* Your task: Since only part of the material below is wanted, output exactly the lines from the one with "Les richesses naturelles" up to and including the one with "A lineage tree".

* Dataset excerpts:
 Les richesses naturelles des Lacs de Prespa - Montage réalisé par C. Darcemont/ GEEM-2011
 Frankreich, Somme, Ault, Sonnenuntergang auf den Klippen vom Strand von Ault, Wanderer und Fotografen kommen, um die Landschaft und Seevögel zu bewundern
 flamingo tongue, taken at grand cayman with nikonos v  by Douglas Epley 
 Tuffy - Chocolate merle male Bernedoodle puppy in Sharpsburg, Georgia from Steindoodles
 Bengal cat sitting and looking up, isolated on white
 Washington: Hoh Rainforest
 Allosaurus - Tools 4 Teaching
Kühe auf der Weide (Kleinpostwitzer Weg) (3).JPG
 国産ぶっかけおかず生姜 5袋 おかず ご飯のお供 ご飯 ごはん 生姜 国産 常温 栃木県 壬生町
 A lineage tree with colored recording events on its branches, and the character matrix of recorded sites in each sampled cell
--
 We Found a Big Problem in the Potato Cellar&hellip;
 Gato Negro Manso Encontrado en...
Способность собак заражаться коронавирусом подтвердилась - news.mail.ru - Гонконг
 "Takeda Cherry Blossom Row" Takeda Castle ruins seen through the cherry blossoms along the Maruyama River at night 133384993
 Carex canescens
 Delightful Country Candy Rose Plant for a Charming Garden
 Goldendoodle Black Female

* Finished exercise:
 Les richesses naturelles des Lacs de Prespa - Montage réalisé par C. Darcemont/ GEEM-2011
 Frankreich, Somme, Ault, Sonnenuntergang auf den Klippen vom Strand von Ault, Wanderer und Fotografen kommen, um die Landschaft und Seevögel zu bewundern
 flamingo tongue, taken at grand cayman with nikonos v  by Douglas Epley 
 Tuffy - Chocolate merle male Bernedoodle puppy in Sharpsburg, Georgia from Steindoodles
 Bengal cat sitting and looking up, isolated on white
 Washington: Hoh Rainforest
 Allosaurus - Tools 4 Teaching
Kühe auf der Weide (Kleinpostwitzer Weg) (3).JPG
 国産ぶっかけおかず生姜 5袋 おかず ご飯のお供 ご飯 ごはん 生姜 国産 常温 栃木県 壬生町
 A lineage tree with colored recording events on its branches, and the character matrix of recorded sites in each sampled cell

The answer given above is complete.